12/19/2016

Thining About Thinking, Thinking About Living

I want to bookmark this review of Daniel Kahneman's book Thinking, Fast and Slow.

http://www.nybooks.com/articles/2011/12/22/how-dispel-your-illusions/

this comes form reading Michael Lewis' book The Undoing Project and then looking online for reviews.


It is understandable that Kahneman has no use for Freud, but it is still regrettable. The insights of Kahneman and Freud are complementary rather than contradictory. Anyone who strives for a complete understanding of human nature has much to learn from both of them. The scope of Kahneman’s psychology is necessarily limited by his method. His method is to study mental processes that can be observed and measured under rigorously controlled experimental conditions. Following this method, he revolutionized psychology. He discovered mental processes that can be described precisely and demonstrated reliably. He discarded the poetic fantasies of Freud.
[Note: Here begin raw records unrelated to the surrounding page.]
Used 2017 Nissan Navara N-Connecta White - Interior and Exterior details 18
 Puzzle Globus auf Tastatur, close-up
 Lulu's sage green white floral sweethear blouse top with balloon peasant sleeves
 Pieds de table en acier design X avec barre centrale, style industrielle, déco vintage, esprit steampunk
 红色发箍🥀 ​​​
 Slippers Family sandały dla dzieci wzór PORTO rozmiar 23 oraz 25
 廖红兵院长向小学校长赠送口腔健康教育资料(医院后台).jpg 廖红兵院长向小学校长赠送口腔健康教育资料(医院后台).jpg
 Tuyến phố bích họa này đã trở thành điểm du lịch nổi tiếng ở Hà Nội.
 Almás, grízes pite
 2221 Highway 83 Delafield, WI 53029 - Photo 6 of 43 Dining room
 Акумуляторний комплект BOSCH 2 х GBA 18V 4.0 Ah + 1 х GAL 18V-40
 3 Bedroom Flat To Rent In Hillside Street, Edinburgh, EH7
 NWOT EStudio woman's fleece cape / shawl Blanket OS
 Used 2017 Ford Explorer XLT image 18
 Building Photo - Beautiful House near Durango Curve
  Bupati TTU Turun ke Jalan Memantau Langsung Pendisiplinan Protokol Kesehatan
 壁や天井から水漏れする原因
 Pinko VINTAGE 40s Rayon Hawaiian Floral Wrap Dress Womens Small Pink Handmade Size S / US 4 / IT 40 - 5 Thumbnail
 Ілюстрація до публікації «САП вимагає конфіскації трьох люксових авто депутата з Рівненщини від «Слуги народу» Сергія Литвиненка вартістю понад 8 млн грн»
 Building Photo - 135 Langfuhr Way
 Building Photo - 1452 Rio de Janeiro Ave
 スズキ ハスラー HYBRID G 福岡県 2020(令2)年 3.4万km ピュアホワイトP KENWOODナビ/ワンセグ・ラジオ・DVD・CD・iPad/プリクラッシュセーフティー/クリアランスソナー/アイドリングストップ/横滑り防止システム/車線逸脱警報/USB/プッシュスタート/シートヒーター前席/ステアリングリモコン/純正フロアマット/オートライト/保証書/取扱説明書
But together with the poetic fantasies, he discarded much else that was valuable. Since strong emotions and obsessions cannot be experimentally controlled, Kahneman’s method did not allow him to study them. The part of the human personality that Kahneman’s method can handle is the nonviolent part, concerned with everyday decisions, artificial parlor games, and gambling for small stakes. The violent and passionate manifestations of human nature, concerned with matters of life and death and love and hate and pain and sex, cannot be experimentally controlled and are beyond Kahneman’s reach. Violence and passion are the territory of Freud. Freud can penetrate deeper than Kahneman because literature digs deeper than science into human nature and human destiny.